The twin topics of the White Revolution and rural development in Iran are both large topics deserving their own separate discussions, although a summation is important. In the Islamic system of inheritance, large estates broke apart relatively quickly as lands were divided up among all sons and daughters. This had resulted in the vast majority of land being traditionally owned by small landowners. Large private estates were initially formed when Reza Shah began seizing and reorganizing swaths of land in the 1930s, leading to initial conflict between the Pahlavi monarchy and the landowning class. By the 1950s, there was mounting pressure on Mohammad Reza Pahlavi by the US State Department to conduct land reform policies to prevent peasant unrest and avert the spread of communist sympathies. The State Department had prior pressured South Korea, the Philippines, and the Republic of China/Taiwan into conducting similar land reform policies.
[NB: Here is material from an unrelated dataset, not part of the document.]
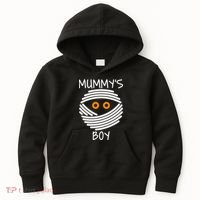 Mummy's Boy Kids Hoodie thumb 0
In the case of the White Revolution between 1962-1965, 1.8 million tenants received land from the redistribution program, of which 1.6 million received private land. On the other hand, 1.3 million small landowners and 56,000 medium and large landowners had their lands expropriated. The hardest hit were the small landowners who had received no compensation from the Pahlavi regime; in effect, for every tenant who had received land, one small landowner had been reduced to poverty. The result of the White Revolution’s land reforms was a complete botching of Iran’s entire agricultural system. The disruption of ownership caused by the White Revolution led to many qanats, a traditional irrigation system consisting of networks of underground water-channels maintained & shared by several petty landowners, to be permanently ruined. It traditionally was not the tenant’s responsibility to maintain qanats, nor did they have the liquid capital to maintain their newly received farms and qanat systems. This in turn led to a drop in Iranian agricultural yields, resulting in the formerly agriculturally self-sufficient country quickly becoming an importer of foodstuffs; for instance, grain imports rising from a mere 50,000 tons in 1962 to 2.5 million tons in 1970. In the aftermath of the reforms, some of the few large landowners - courtesy of Reza Shah’s land seizures of the 1930s - consolidated their holdings and purchased more land from failing, newly independent, former tenants of petty landlords. In the end, the Pahlavi monarchy will attempt to salvage the land reform post-1970 by forming state-run collective farms, known as “farm corporations” - the irony is that, with the oversight and advisement from the US, the Pahlavi monarchy of Iran built their own “socialism”. The Shah would later quip that “The socialism of my White Revolution is… a new socialism.”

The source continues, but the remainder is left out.